Ach, ist das schön geworden!

Tatsächlich hatte sich ausgerechnet am 24. August der Sommer mal kurz verabschiedet. Insofern nicht der beste Tag, um eine Plansche zu eröffnen. Trotzdem war es ein fröhliches und gut besuchtes Ereignis, was nicht verwunderte, lag doch das Areal mitten im Wohngebiet rund um die Weydemeyerstraße jahrelang brach und bot einen traurigen Anblick, bei dem der eine und die andere schon auch mal nostalgisch werden konnte. Schließlich haben Planschen in Berlin seit jeher tausenden Müttern und Vätern die eine oder andere ruhige Stunde ermöglicht: Die Kinder im Wasserrausch, aber geschützt und behütet, Parkbänke, von denen aus man gut die Kontrolle über die Kleinen behalten und trotzdem eine Zeitung oder ein paar Buchseiten lesen konnte.

Es hatte eine intensive Planungs- und Bauzeit gegeben, bevor der neue Wasserspielplatz Weydemeyerstraße 20/21 am 24. August seiner Bestimmung übergeben werden konnte. Und es ist wirklich gut geworden, auch wenn manche sich erhofft und vorgestellt hatten, dass alles wieder werden würde, wie es mal gewesen war. Doch so ist die Gestaltung von Lebensumfeld nicht gedacht. Was mal gut war, kann in bester Erinnerung bleiben, aber heute gibt es andere Wünsche, andere Maßstäbe und andere Ideen. Und man muss sagen: Wer sich hier Gedanken gemacht hat, ist zu einem guten Ergebnis gekommen.
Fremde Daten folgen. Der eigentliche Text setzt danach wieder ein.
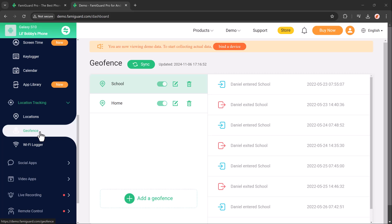home, or a friend's house. When your child enters or leaves these areas, you will receive instant alerts, allowing you to monitor their safety effectively.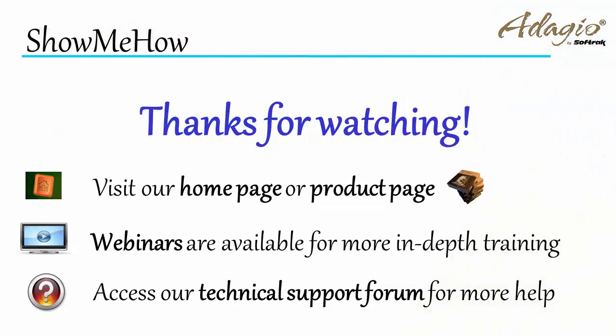For more information about Adagio Accounting, use these on-screen links or from the video description. Thanks for watching!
Liegewiesen, aufregende Wasserfontänen, schöne Spielgeräte, schöner erhaltener Baumbestand – Oase und aufregend in einem.

Die Plansche ist zugleich die erste Maßnahme im Entwicklungsgebiet Karl-Marx-Allee II – für das es große Pläne gibt – die fertiggestellt wurde, dank der Fördermittel aus dem sogenannten Bund-Länder-Programm Städtebaulicher Denkmalschutz.

Gefeiert wurde das richtig – mit dem Durchschneiden des obligatorischen und immer wieder symbolträchtigen roten Bandes, mit Kaffee, Brause und dem Wasser-Marsch-Moment, der die Bezirksstadträtin für Weiterbildung, Kultur, Umwelt, Natur, Straßen und Grünflächen (das ist wirklich ein langer Arbeitstitel), Sabine Weißler, ermutigte, sich mal schnell und beherzt in den „Regen“ zu stellen.

Carola Bluhm war zwar etwas vorsichtiger, was den Wassertest anbelangte, aber mehr als angetan davon, wie alles geworden ist.

Ein geradezu genialer kleiner Einfall, die kleinen Hometrainer an den Sitzbänken, die es künftig Eltern oder Großeltern ermöglichen, nicht nur gelassen ihre Kinder planschen zu lassen und dabei eine Zeitung zu lesen, sie können sogar noch ein wenig für die eigene körperliche Fitness tun. Der Eröffnungstag hat gezeigt, dass vor allem Großeltern davon sehr angetan zu sein scheinen.

Schön wars jewesen, würde der Berliner sagen. Und schön wird es bleiben. In diesem und in den kommenden Sommern.